写作这条路他走了二十余年,真正的出圈也不过是近些年的事情。
论写作人设,马伯庸应该属于典型的“非天才型作家”;论写作历程,马伯庸却有着“非典型的”写作历程。
深挖马伯庸二十年的写作历程,我发现了他的三件法宝。
01
马伯庸,出生于1980年,内蒙古赤峰人,父母都是机场建设的工程师。
由于父母工作的关系,在马伯庸的童年记忆里,他总是频繁地随父母搬迁至不同的城市。因为在每个城市都无法长久生活,他在童年时期很难结交到固定的玩伴。
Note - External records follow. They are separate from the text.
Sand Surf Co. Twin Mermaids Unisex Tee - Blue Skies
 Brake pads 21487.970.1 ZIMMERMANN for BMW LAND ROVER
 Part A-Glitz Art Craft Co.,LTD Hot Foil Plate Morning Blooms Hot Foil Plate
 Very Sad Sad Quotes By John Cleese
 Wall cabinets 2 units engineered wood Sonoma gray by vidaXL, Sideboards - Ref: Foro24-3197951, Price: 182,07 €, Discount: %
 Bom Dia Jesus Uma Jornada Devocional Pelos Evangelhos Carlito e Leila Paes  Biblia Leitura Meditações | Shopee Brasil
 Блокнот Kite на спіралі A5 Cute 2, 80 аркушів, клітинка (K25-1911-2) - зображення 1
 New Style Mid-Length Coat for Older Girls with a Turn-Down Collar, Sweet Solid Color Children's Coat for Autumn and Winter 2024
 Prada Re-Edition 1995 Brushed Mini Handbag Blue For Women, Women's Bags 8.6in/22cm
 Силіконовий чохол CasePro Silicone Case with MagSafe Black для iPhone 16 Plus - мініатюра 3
长此以往,阅读就成了他消磨时间的最好方式,也是最好的陪伴。
父母从不干涉马伯庸读什么书,因此他的阅读范围非常广泛,科幻、武侠、战争、历史……
在阅读这方面,马伯庸可谓算得上从不“挑食”,几乎是拿到什么就看什么。
纵观他的2019年书单,除却历史文学类书籍,还有《天气预报》学科发展史、中国基层司法制度,甚至理工科类书籍也在他的阅读范围内。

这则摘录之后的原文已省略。